I remember it as a bedtime story, my dad recounting how he flew over Europe and looked down on a mountain lake. The reflection of the night sky was so perfect that he became disoriented. He was flying over the moon.

John Titone served in the U.S. Army Air Corps as a co-pilot on a B-17. When his nine kids were young, he told us precious little about his experiences in World War II. The memories he did share were simple, like the fact that the English grew Brussels sprouts between runways. And where were those giant tin-can American bombers going when they lifted off between the vegetables, laden with deadly cargo? Before I studied history, my only clue was a map of Europe painted on Dad's leather bomber jacket. Every mission was marked on it.

As co-author of a war memoir, I've thought a lot about the power of story and how it can help combat veterans. Grady Myers regaled his friends with the stories that went into our book, "Boocoo Dinky Dow: My short, crazy Vietnam War." There's not a doubt in my mind that with his humor -- sometimes dark and ironic, sometimes wise-crackling -- Grady was coping with his memories of being a machine gunner. Tell the good stuff often enough, and the kill-or-be-killed stuff loses some of its power.

Yes, Grady nearly died in battle. But he survived to participate in hospital hijinks and to buy that classic Thunderbird he was lusting after. An artist, he drew engaging pictures of his time as a reluctant but able warrior. Among his works that have been displayed at the National Veterans Art Museum, a whimsical one featuring a monkey was a crowd-pleaser. We all need comic relief. 

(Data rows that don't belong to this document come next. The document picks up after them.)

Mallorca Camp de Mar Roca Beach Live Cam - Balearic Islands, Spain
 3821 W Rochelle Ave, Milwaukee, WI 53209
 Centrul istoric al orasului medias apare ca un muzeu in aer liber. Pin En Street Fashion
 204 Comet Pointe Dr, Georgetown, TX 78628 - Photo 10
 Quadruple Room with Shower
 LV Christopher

Almost every vet's experience includes good stuff: adventure, friendships, confidence-building, pride.

"In many ways, that year was very exciting," says a friend who suffers from war-related stress 50 years after he was in Vietnam. "We were young, in great physical condition and full of piss and vinegar. We were in a very beautiful and exotic land with a culture none of us could have imagined. And we did things we would never tell our mothers, and survived. Even the real bad times had a positive edge because you never feel more alive than when you are close to death."

Another friend told me his Vietnam service was the best year of his life. He might have exaggerated, but I don't think by much. His eyes glowed when he talked about the problem-solving involved with being a Marine mechanic in a combat zone. "It was something new every day. Every day." He came back in one piece but had a close brush with death-by-military-vehicle. It's a story he tells with relish, probably because no one else died, either.

PictureBasic training humor, Grady style

I'm writing this on Veterans Day. I can't think of a better gift for people who has served in the military, in combat or not, than to let them know you'd like to hear their stories. Just open a space in the conversation. Did anything funny happen to you? Any buddies you'd like to see again? Whatever happened to those pictures you brought back?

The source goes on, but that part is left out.